NASA-IMPACT / veda-data-pipelines

data transformation - ingestion - publication pipelines to support VEDA
Other
13 stars 6 forks source link

veda-data-pipelines

NOTE: This repository is being sunsetted. Please do not open any new issues or PRs on this repository; use https://github.com/NASA-IMPACT/veda-data instead. Once all issues are transferred from this repository to veda-data, this repository will be archived.

This repo houses function code and deployment code for producing cloud-optimized data products and STAC metadata for interfaces such as https://github.com/NASA-IMPACT/delta-ui.

Requirements

Docker

See get-docker

AWS CDK

See cdk-getting-started

nvm install 17.3.0
nvm use 17.3.0
npm install -g aws-cdk

Poetry

See poetry-landing-page

pip install poetry

Deployment

This project uses AWS CDK to deploy AWS resources to the cloud.
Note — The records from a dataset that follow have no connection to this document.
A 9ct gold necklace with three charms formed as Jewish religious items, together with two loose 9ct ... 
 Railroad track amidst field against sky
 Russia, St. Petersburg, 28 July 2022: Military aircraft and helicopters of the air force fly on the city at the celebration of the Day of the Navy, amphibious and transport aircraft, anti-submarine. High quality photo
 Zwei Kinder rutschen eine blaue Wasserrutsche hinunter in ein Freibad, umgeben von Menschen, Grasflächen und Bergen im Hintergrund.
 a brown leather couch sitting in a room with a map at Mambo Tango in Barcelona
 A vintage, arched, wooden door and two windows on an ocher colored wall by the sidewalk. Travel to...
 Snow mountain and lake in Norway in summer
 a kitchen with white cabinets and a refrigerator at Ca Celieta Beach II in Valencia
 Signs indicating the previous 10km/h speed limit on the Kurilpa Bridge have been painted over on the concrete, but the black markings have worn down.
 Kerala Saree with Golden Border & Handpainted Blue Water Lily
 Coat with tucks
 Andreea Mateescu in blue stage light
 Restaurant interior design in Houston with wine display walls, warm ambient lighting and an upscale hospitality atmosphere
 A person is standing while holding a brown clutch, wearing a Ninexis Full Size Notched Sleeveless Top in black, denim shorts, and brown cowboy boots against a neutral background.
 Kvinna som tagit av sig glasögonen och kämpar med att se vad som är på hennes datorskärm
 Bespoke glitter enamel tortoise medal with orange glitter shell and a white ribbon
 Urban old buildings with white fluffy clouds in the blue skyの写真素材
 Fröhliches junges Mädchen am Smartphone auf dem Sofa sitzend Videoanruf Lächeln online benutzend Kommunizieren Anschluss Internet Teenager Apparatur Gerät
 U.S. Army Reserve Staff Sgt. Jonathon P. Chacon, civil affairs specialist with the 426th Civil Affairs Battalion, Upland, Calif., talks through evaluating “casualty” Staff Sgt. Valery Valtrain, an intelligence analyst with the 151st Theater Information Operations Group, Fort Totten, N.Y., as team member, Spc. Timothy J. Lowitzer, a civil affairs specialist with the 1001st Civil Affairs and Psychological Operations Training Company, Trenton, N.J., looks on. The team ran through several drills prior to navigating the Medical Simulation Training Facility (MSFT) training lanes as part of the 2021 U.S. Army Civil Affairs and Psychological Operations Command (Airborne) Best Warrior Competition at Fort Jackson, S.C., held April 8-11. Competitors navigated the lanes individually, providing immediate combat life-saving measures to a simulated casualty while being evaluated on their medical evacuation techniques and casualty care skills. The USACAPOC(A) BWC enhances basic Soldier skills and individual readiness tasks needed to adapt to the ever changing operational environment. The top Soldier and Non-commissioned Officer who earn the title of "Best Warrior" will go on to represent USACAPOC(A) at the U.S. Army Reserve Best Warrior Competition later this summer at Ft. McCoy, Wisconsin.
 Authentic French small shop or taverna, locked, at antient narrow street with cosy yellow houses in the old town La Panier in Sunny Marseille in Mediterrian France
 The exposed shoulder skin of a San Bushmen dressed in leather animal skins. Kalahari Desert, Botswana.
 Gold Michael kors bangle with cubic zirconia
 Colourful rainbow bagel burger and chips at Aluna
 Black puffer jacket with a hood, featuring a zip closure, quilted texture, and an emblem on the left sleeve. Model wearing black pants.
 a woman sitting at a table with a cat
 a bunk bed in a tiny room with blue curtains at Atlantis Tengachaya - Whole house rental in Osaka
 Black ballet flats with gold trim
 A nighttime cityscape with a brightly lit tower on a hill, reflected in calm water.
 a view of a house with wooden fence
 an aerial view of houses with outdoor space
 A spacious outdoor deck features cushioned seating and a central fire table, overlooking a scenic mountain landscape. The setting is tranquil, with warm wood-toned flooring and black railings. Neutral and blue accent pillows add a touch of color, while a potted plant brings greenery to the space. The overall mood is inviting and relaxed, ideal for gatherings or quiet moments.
Make sure the following environment variables are set

ENV="<dev/staging/prod>"
COGNITO_APP_SECRET="<secret-name-for-pgstac-access>"
APP_NAME="veda-data-pipelines"
STAC_INGESTOR_URL="<url-for-ingestor-api>"
EXTERNAL_ROLE_ARN="<arn-for-external-role-permissions>"

Note: You can use the handy env.sample.sh script to set these variables. Just rename the file to env.sh and populate it with appropriate values. Then run the following commands:

chmod +x env.sh
source env.sh <dev/staging>

If anything other than dev/stage is provided as the env, the dev credentials are used (for now).

To deploy

Using poetry

# deploy
poetry run deploy

# destroy
poetry run destroy

Else

  1. Go to deploy/ directory
  2. Create a virtual environment with python -m venv venv
  3. Activate the virtual environment with source venv/bin/activate
  4. Install the requirements with pip install -r requirements.txt
  5. Run cdk deploy --all
  6. Useful: cdk destroy --all to destroy the infrastructure

License

This project is licensed under Apache 2, see the LICENSE file for more details.